Notre deuxième enjeu, c’est de gérer une dette technique très importante qui s’est accumulée au fil des années. Nous voulons surtout nous débarrasser rapidement des 15 % de la dette technique qui génèrent 80 % des problèmes. Nous comptons atteindre cet objectif avant la fin du premier trimestre 2025. La reprise de magasins Casino nous a beaucoup aidé à ce niveau, par exemple en nous faisant avancer sur la convergence hypermarchés/supermarchés.

Enfin, nous devons régler notre dette fonctionnelle. Notre IT est complexe parce que les responsabilités étaient diffuses. Guillaume Darrasse, directeur général du groupe et président France, a bien compris le problème et soutient fortement le renforcement de la gouvernance. Patrice Moulin, directeur général délégué et directeur financier du groupe, m’aide aussi beaucoup.

Et, pour nous tourner vers l’avenir, quels vont être vos prochains défis ?

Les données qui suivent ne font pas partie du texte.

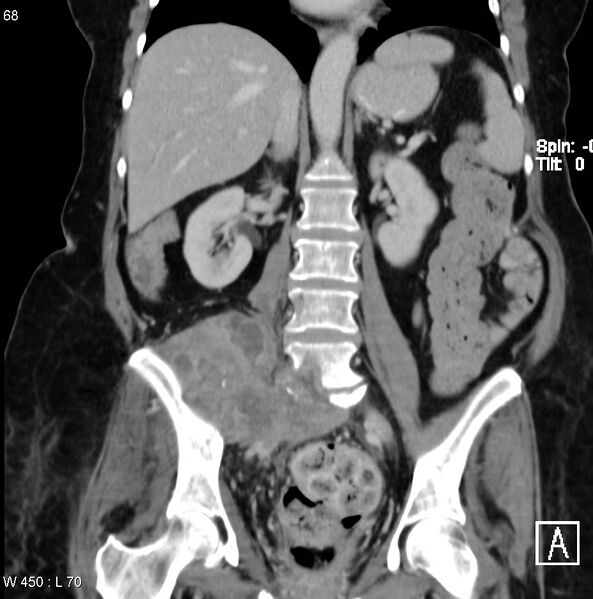 File:Nerve sheath tumor - malignant - sacrum (Radiopaedia 5219-6987 B 7).jpg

Nous avons besoin d’une vision technologique. Notre principal défi, c’est que l’entreprise soit toujours adaptable à tous les changements qui surviennent : évolution des concurrents, problèmes géopolitiques… Sans IT, on ne peut rien faire aujourd’hui. Il faut donc que l’IT soit capable, elle aussi, de s’adapter très vite, d’être très flexible. Nous avons conclu un partenariat important avec Google et Microsoft pour l’adoption du Cloud. Et, côté applicatifs, nous misons sur une architecture headless, à base d’API et basée sur le Cloud.